We are no longer providing clips of every part of the programme but you will be able to listen via the BBC iPlayer .

Andy Murray has become the first British man for 76 years to win a Grand Slam tennis singles title, with a five-set victory over Novak Djokovic in the US Open in New York. Leaked letters show the exams regulator, Ofqual, urged an examination board to make its grading system for GCSE English tougher. Also on the programme, the young British man freed after being held captive for five months in the Central African Republic.

0615
Business news with Simon Jack: The Business Secretary will unveil, later today, the details of the government's industrial policy.

0709

The Business Secretary Vince Cable is laying out his ideas in a speech today on how to shape the UK's industrial landscape for the next 20 years.

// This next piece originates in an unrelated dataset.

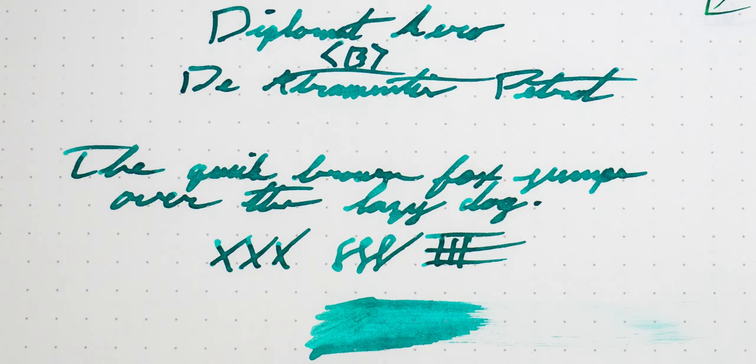All right, so here's the first close-up and take a look at that shading I was talking about.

Mike Lynch, founder of Autonomy, and economist Frances Cairncross, discuss what sort of industrial landscape is needed in the UK.

0716

Over the past five years members of the public have been helping out scientists by "spotting" galaxies, identifying them by their shape, part of a project called Galaxy Zoo. The principle investigator of the project, Dr Chris Lintott of Oxford University, explains how it has been such a success.

0718
Business news with Simon Jack.

0722
Sport news with Rob Bonnet.

0730
Leaked letters show the exams regulator, Ofqual, urged an examination board to make its grading system for GCSE English tougher. Gerard Kelly, editor of the Times Education Supplement, gives his thoughts.

0739
The paper review.

0744

The latest list of species close to extinction, a hundred of them, has been drawn up by the Zoological Society of London and the International Union for Conservation of Nature. Prof Jonathan Baillie, director of conservation at the London Zoological Society and co-author of the report, and Dr Sarah Chan, deputy director of the Institute for Science, Ethics and Innovation at Manchester University, debate the importance of the loss of these species.

0748
Thought for the day with Canon Angela Tilby.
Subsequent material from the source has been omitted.